Filed Under:Markets, E&S/Specialty

The exit interview: Q&A with NAPSLO President Gil Hine

Gil Hine, outgoing president of NAPSLO, addresses the E&S market with NU/PC360. (Photo: NAPSLO)
Gil Hine, outgoing president of NAPSLO, addresses the E&S market with NU/PC360. (Photo: NAPSLO)

As his term as NAPSLO president draws to a close, Gil Hine spoke with National Underwriter Property & Casualty Editor-in-Chief Shawn Moynihan about the E&S market’s future, NAPSLO’s role and the advice he’d offer his successor.

Shawn Moynihan: Among the things you’ve achieved during your term as NAPSLO’s president, what are you most proud of, and what work still needs to be done?

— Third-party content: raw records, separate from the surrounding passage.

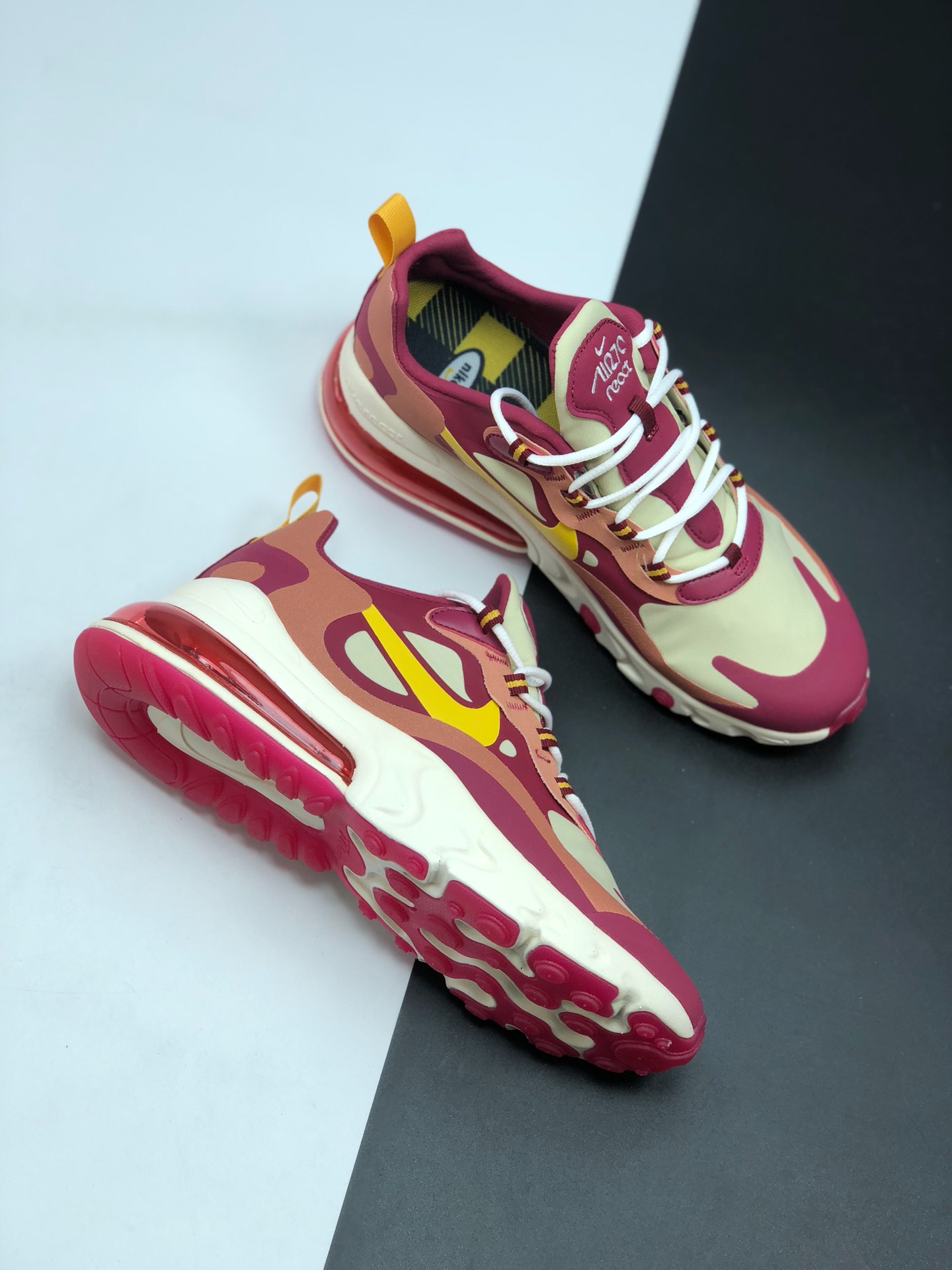 150 公司 新级 配色  耐克 Nike React Air Max 270 高桥盾 纱网 系列 机 半能 气垫跑步鞋 AO4971 601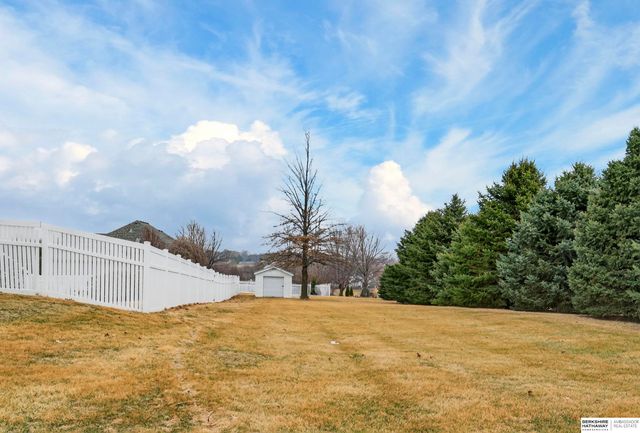 13811 S 41st Street, Bellevue, NE 68123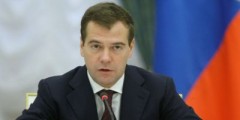 Медведев обсудил с губернатором Приморья проблемы развития региона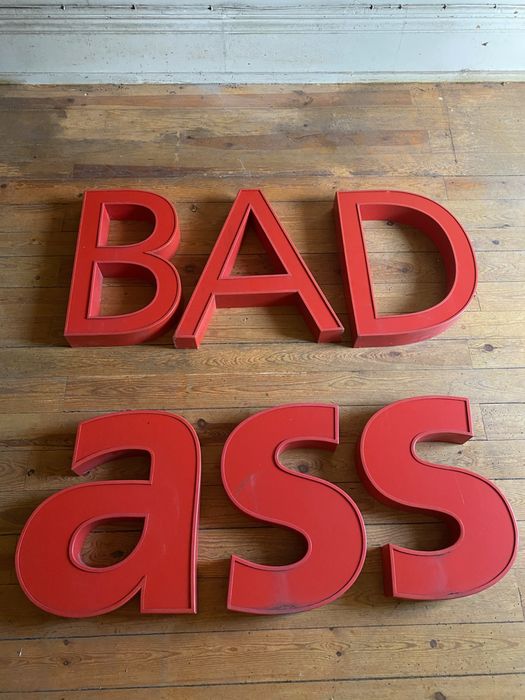 Letras em aluminio e acrilico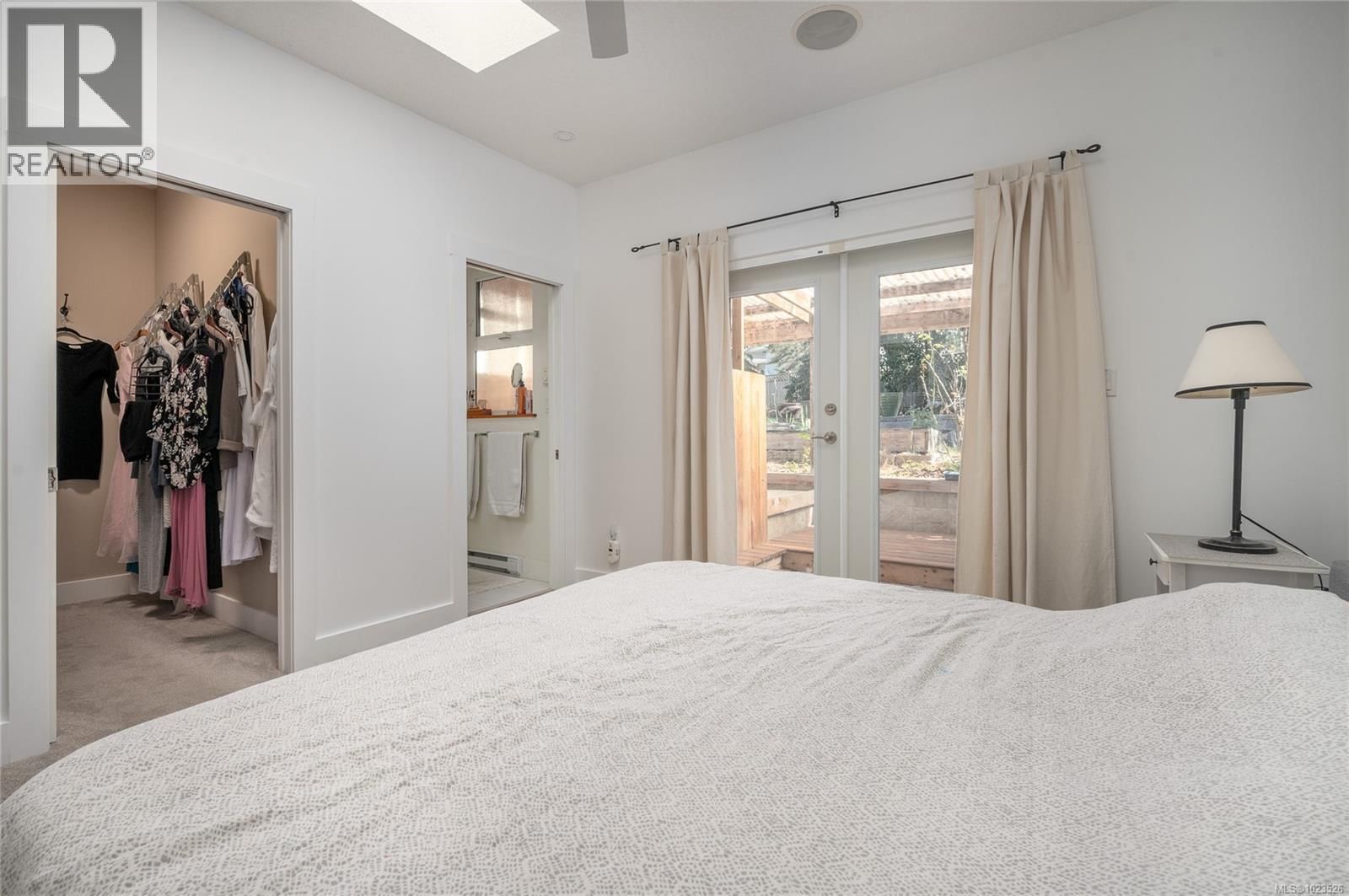 1554 MARINA WAY Image 24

Gil Hine: I want to expand that answer to encompass my entire time on the board and combine that with the efforts of past and current board and executive committee members. One of the most important strategic decisions we made a few years ago was to commit significant financial resources to hiring a top-flight executive director and giving him the authority to build a full-time professional staff to serve our members. It is now reflected in everything NAPSLO is doing. 

Look at our convention with record attendance. Look at our legislative initiatives at the federal and state level. Look at the growth of our education programs and career awareness. Look at our communications, website and wholesale value campaign. NAPSLO is a premier national association and a leading voice for the insurance industry. The investment we made and continue to make is paying off big time.

For me personally, I served as Education Co-Chair and am thrilled with the growth in schools and education programs since I joined the board. The additions to the education program offerings include the Management Program, which is offered in partnership with Emory University and the Consultative Selling and Negotiation programs, which are offered around the country making them very accessible to members. We have also recently redesigned the Regulatory Compliance online program to a more interactive format, which is a big improvement.

Moynihan: The E&S market continues to be the real success story in P&C insurance, showing true organic growth and more successful coverage innovations. To what do you attribute this? What makes Surplus Lines such a unique market to be in?

Hine: The absolute No. 1 reason the E&S market thrives is the people who choose to make a career in our segment of the market. They are innovators. They are entrepreneurs. They are willing to take risk.

Beyond that, you have:

  • An overall favorable state regulatory climate that has endorsed and supported the concept of “Freedom of Rate and Form” for those risks who cannot find adequate coverage in the admitted market segment;
  • Recent passage of federal legislation that has streamlined the reporting and collection of taxes and licensing; and
  • A growing and ever-changing economy that as a byproduct generates emerging risks,  growing catastrophe exposures, and a constantly churning stream of risks that are unique or have elevated risk exposures, all of which are the bread and butter of our industry.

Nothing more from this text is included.